Myself: I know I have something of a reputation for complicating my plots, but I exceeded all previous complicated plots with this one. And it started out so straightforward, too. Doc (my heroine) arrives in the Garradian galaxy with a simple mission: retrieve the people who went through a Garradian portal during the war two years ago. Introduce some complications and a love interest, maybe blow up some ships, and then provide a happy ending. Nothing in that to make my head explode.

Me: It’s the complications that get you every time. And you can’t tell us what they are without giving too much away.

Myself: Makes it hard to write the book blurb, too: Doc travels to another galaxy to face (author) head exploding complications in the Garradian Galaxy.

Me: I’m sure you’ll think of something. Unless your head really does explode.

Myself: That would be OUR head.

Me: Right. Let’s move on from that. Can you tell us about the hero of Girl Gone Nova?

Myself: I can. It might surprise readers of The Key. Helfron Giddioni, the almost bad guy of The Key, was really pissed at me when he didn’t get the girl. He bugged me for two years to get his own romance. I thought it was hard to write a science fiction romance, but writing one with a POLITICIAN as the hero–well, that’s one of the reasons my head almost exploded. Luckily, Hel had some interesting secrets and an alter ego that helped. And he was willing to be sorry for what he’d done (mostly) and teachable (in some areas) to achieve hero status in this new book. But he also has to get his trash kicked a few times during those complications that I can’t reveal.

Me: And then there’s Conan, aka Vidor Shan. You had some trouble with him.
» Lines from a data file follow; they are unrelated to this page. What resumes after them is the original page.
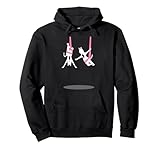 aerial silks dancer i air yoga acrobatics i cat aerialist felpa con cappuccio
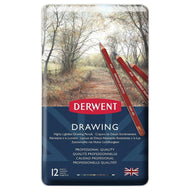 Estojo Lápis de Cor Permanente Drawing com 12 Cores - Derwent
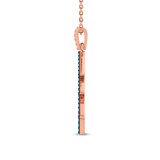 Photo of Cedar 1/3 CT. T.W. Pendant 14K Rose Gold [CP973R]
Myself: I’m still having trouble with him. I created him, not sure if he was a good guy, a villain, or something in between. My sister, who read the book, hates him and wants him to be punished. Other readers want him to get a girl, any girl. LOL! I’m still not sure. I just know he’s not finished and he will be showing up in the next book. [Author note: he kept showing up until I made him the hero of Kicking Ashe.]

Me: And he’s not the only character refusing to go quietly into the good night, is he?

Myself: Sigh. No. There’s quite a clamor going on inside my head. So it might just explode for real this time. (very big grin) NOTE: My writing took a slight detour into a steampunk offshoot of this series. Colonel Carey, hot guy pilot from both books, will be taking the role of hero, but not sure who else will make an appearance…well, the main bad guy from Girl Gone Nova will definitely show up. It’s a bad guy requirement to show up when and where he/she can and make trouble.

Me: Without giving too much away, I can’t think of anything else to ask you, except when will Girl Gone Nova hit the e-shelves?

Myself: It will release in April, 2010! [Author note: it did release and received some acclaim and adulation, to our shock. Thank you to all the readers who bought it, read it, and reviewed it!]

So that’s it. That’s the interview. It wasn’t quite as crazy because we couldn’t talk too much about the book for fear of spoilers. I hope you’ll check it out if you haven’t already. It’s a big book to get finished reading before the other Project Enterprise books (and Doc and Hel *might* have made an appearance when the series returned to the series’ original story universe in Found Girl!) And, um, there’s another BAB after Tangled in Time.